Friday, Nov. 17, 1967

Speak to Me!

THE MIND OF THE DOLPHIN: A NONHUMAN INTELLIGENCE by John Cunningham Lilly, M.D. 310 pages. Doubleday, $5.95.

Like Dr. John Dolittle, Dr. John Lilly is possessed by the idea that humans can and should learn to communicate with other species. To that end, he has spent the past several years learning about bottlenose dolphins, the species that he believes will eventually make the breakthrough.

Why dolphins? Lilly explains that the brain of the seagoing mammal, which is 20% to 40% larger than man's, seems to be at least as complex in structure. This, as well as the dolphin's clever mannerisms, suggests to him that its intelligence may be equal to or even surpass man's.

To measure the extent and nature of that intelligence, Lilly established his unique Dolphin Point Laboratory in the Virgin Islands, and in this intriguing but eccentric book he describes how he has examined and trained dolphins, recorded and analyzed their voices, lived like them--and even with them. Lilly, a neurophysiologist who has also had training in physics and biophysics, has spent hours underwater in a darkened pool, attempting to understand the sensations experienced by dolphins. He believes that dolphins try to communicate with man by mimicking human voices and he has cooperated in experiments trying to teach dolphins to speak English. (No success as yet.)

Margaret Howe, Lilly's attractive young researcher, actually lived with a dolphin named Peter in a flooded room for 21 months in an attempt to communicate more effectively. She found Peter to be very responsive. As a matter of fact, Peter exhibited considerable interest in effecting some kind of sexual breakthrough, indicating that Dr. Lilly may be a good deal nearer the truth about inter-species communication than even he suspected.

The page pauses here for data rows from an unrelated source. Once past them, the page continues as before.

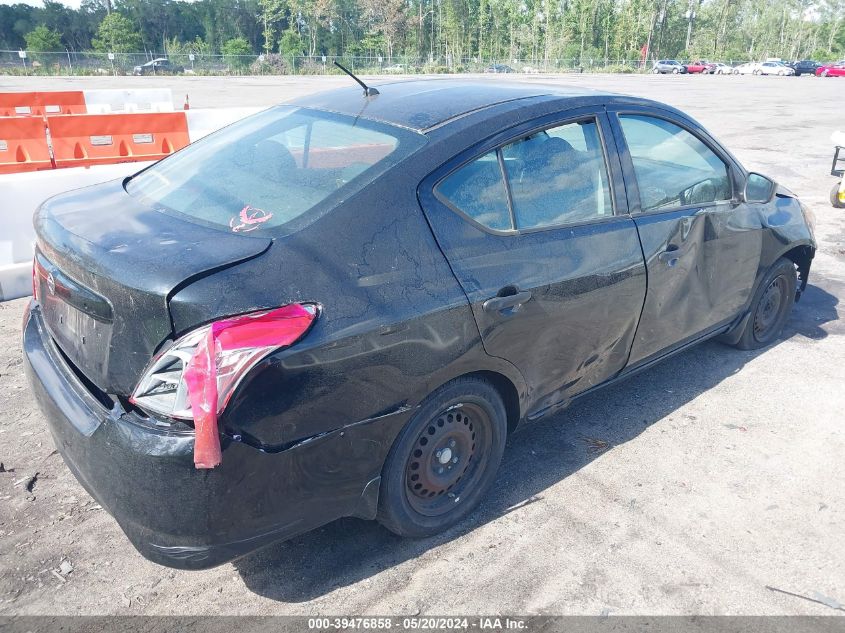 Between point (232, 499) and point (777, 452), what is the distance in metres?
2.95

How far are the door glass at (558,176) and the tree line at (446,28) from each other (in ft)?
234

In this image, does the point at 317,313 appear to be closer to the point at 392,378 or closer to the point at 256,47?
the point at 392,378

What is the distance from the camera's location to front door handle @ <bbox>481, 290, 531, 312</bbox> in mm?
2723

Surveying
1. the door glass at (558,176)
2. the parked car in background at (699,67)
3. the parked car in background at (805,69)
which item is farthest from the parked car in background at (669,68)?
the door glass at (558,176)

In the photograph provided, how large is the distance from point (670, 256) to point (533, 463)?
1301mm

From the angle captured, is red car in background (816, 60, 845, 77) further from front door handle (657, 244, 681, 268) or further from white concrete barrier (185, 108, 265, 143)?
front door handle (657, 244, 681, 268)

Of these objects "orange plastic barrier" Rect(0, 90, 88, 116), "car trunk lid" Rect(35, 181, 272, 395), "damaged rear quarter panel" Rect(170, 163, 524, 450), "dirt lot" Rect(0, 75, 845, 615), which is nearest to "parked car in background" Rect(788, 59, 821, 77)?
"orange plastic barrier" Rect(0, 90, 88, 116)

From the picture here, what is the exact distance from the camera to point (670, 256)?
3561 millimetres

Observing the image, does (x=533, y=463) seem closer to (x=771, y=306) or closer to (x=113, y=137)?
(x=771, y=306)

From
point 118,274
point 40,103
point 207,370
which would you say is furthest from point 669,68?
point 207,370

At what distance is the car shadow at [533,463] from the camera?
2754 millimetres

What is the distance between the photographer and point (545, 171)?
3.12m

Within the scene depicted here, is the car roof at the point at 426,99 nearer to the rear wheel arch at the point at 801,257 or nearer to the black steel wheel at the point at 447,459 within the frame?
the black steel wheel at the point at 447,459

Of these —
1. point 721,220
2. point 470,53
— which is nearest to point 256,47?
point 470,53
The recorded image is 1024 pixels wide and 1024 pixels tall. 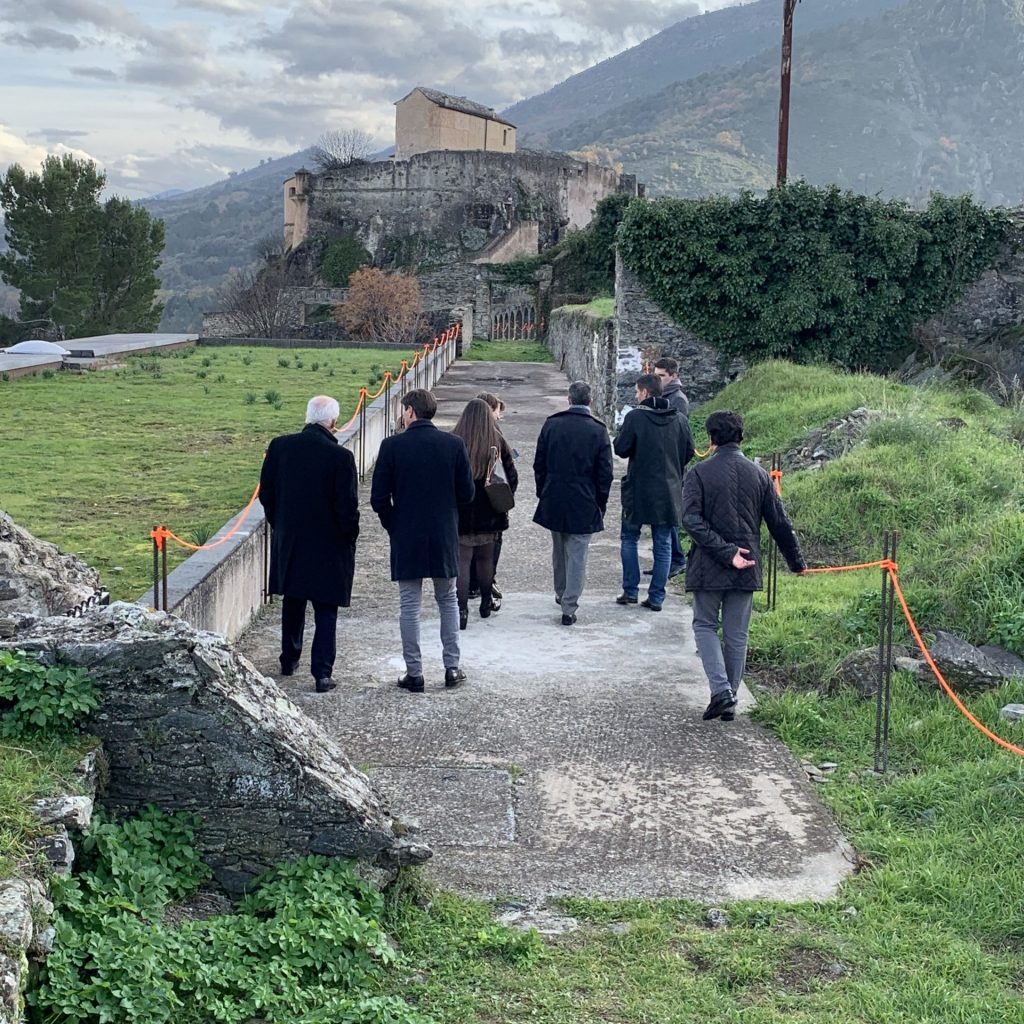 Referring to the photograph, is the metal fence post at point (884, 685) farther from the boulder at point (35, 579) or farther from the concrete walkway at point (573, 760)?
the boulder at point (35, 579)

Lilly undermines his accomplishments, and his book, with a stubborn allegiance to an unsubstantiated theory: that mammals with brains larger than man's are more intelligent than man. Without offering any scientific documentation, he suggests that the sperm whale, whose brain is six times as big as man's, could hear a symphony once, store it in his computerlike mind and play it back to himself note by note. Says Lilly wistfully: "I would like to exchange ideas with a sperm whale." The last fellow who dared to say that was Captain Ahab.